• _Exercise goal_
Could you transcribe exactly the lines below, from the line with "EmptyShika's tweet photo." through the line with "A wafu ver.", and nothing else, leaving out the pictures?

• _Source material_
+++
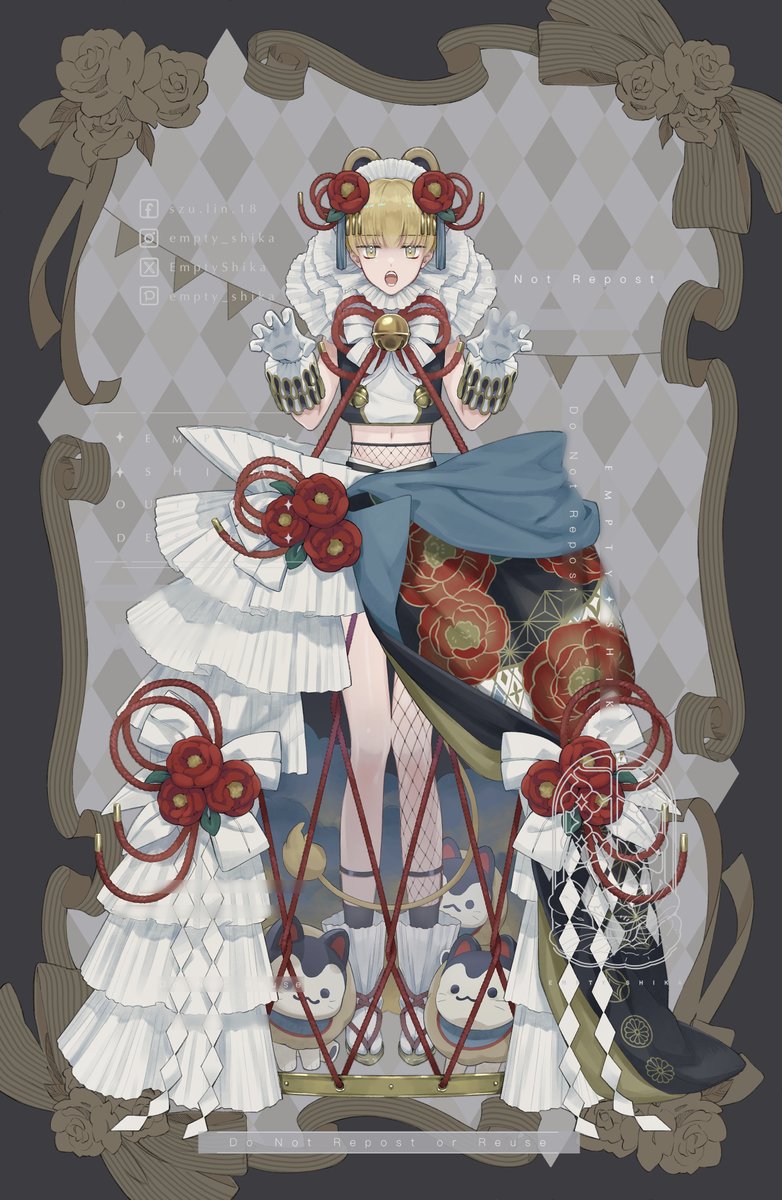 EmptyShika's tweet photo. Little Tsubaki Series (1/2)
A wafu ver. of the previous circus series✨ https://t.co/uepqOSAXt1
+++
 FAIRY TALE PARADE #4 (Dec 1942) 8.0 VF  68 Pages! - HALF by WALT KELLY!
+++
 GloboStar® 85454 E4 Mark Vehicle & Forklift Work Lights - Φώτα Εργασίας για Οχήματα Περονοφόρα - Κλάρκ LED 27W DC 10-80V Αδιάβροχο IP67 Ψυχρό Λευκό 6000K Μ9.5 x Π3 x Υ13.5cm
+++
• _Worked solution_
 EmptyShika's tweet photo. Little Tsubaki Series (1/2)
A wafu ver. of the previous circus series✨ https://t.co/uepqOSAXt1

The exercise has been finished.